BtoCだけでなく、BtoBにおいてもWebマーケティング活用の重要性が増しています。
BtoBは、「法人」に対して営業を行う必要があるという点で、BtoCとは大きく業態が異なります。「個人」ではなく「法人」がモノやサービスを買うということ。それは、一人の個人ではなく、複数の個人が購入の意思決定をするということです。
そのため、購入するかどうかの判断は、個人と比べて合理的になりがちです。もちろんワンマン社長の場合事情は異なるかもしれませんが、企業が購買活動を行うときは、個人的な感情や満足だけでは決裁されません。
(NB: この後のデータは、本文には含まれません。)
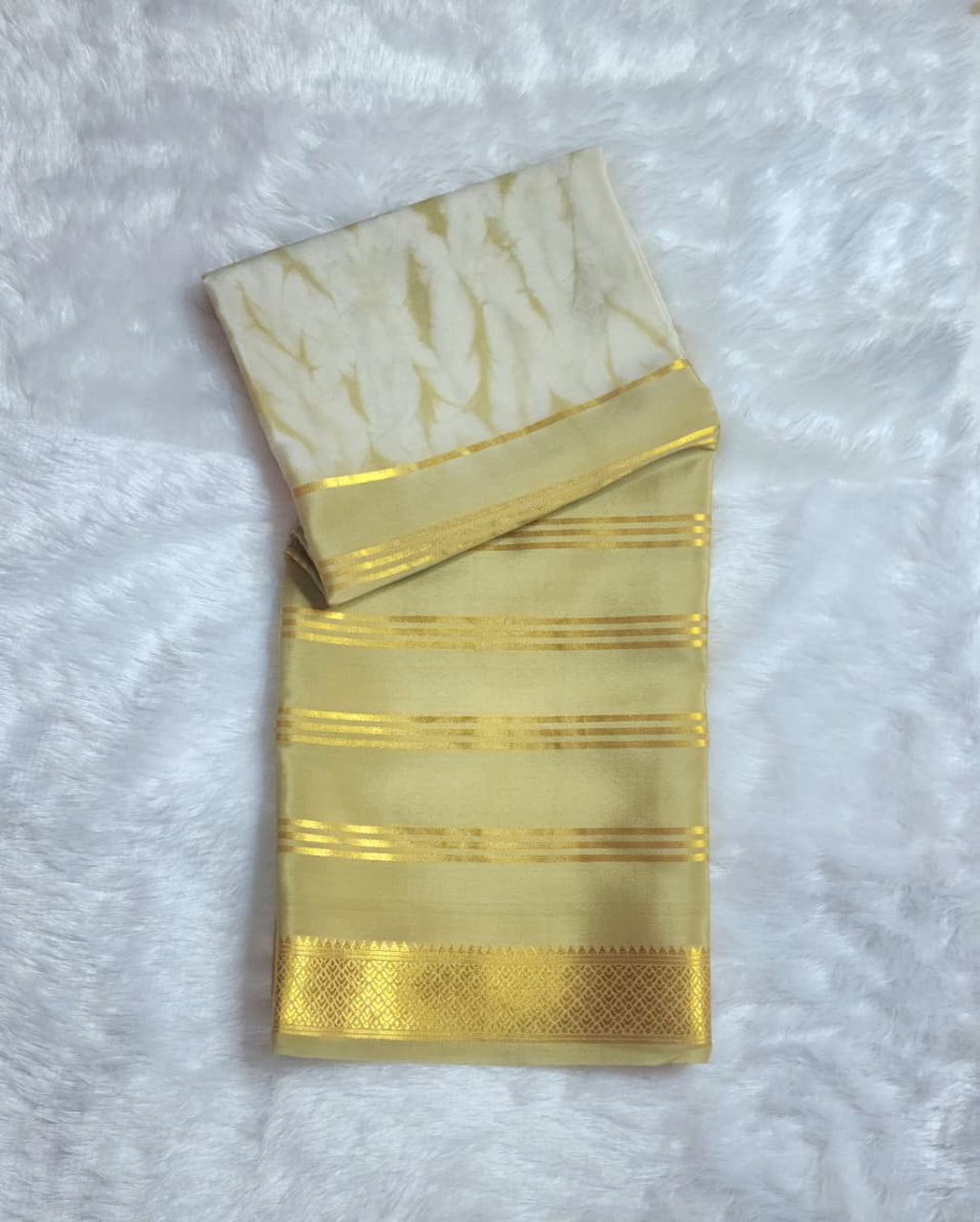 Golden Aura – Mysore Silk Shibori Saree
企業の利益に貢献するのか、この一点のみで判断されるのがBtoBビジネスの常です。
検討期間が長くなりがちであることもBtoBビジネスの特徴です。特定の商品が企業の利益に貢献するのかどうかを判断するのは、容易な行為ではありません。様々な比較検討を行った上で、最もベストだと思われる選択肢を採るにはそれなりの期間が必要です。
しかも、ある担当者がその商品を「欲しい」と思っても、その担当者の上司、上司の上司、場合によっては更に上の役職者の合意を得なければ購買行為は決裁されません。
BtoB Webマーケティングの教科書
それほど複雑なBtoBビジネスにおいてWebマーケティングを実践したいときに手に取っておきたいのが、「BtoBウェブマーケティングの教科書」です。
本書は、会社のホームページ担当・広報・PRになったらとりあえず読んだ方がいいよ、と私の部下にも薦めている一冊です。自社のホームページを一度じっくり回遊した上で、この本を読み進めていくと、改善点のアイデアがたくさん浮かぶようになっており、やりたいことがたくさん積み重なっていく。それくらい基礎が分かりやすく詰まっている一冊です。
なぜBtoBにおいてWebマーケティングが必要なのか
BtoBビジネスにおいて、Webはどのように貢献できるのか。Amazonでモノを買うかのように「ポチッと」購買が即決されないBtoBビジネスでは、少なくともWebを通じてものが売れるいうことは少なそうです。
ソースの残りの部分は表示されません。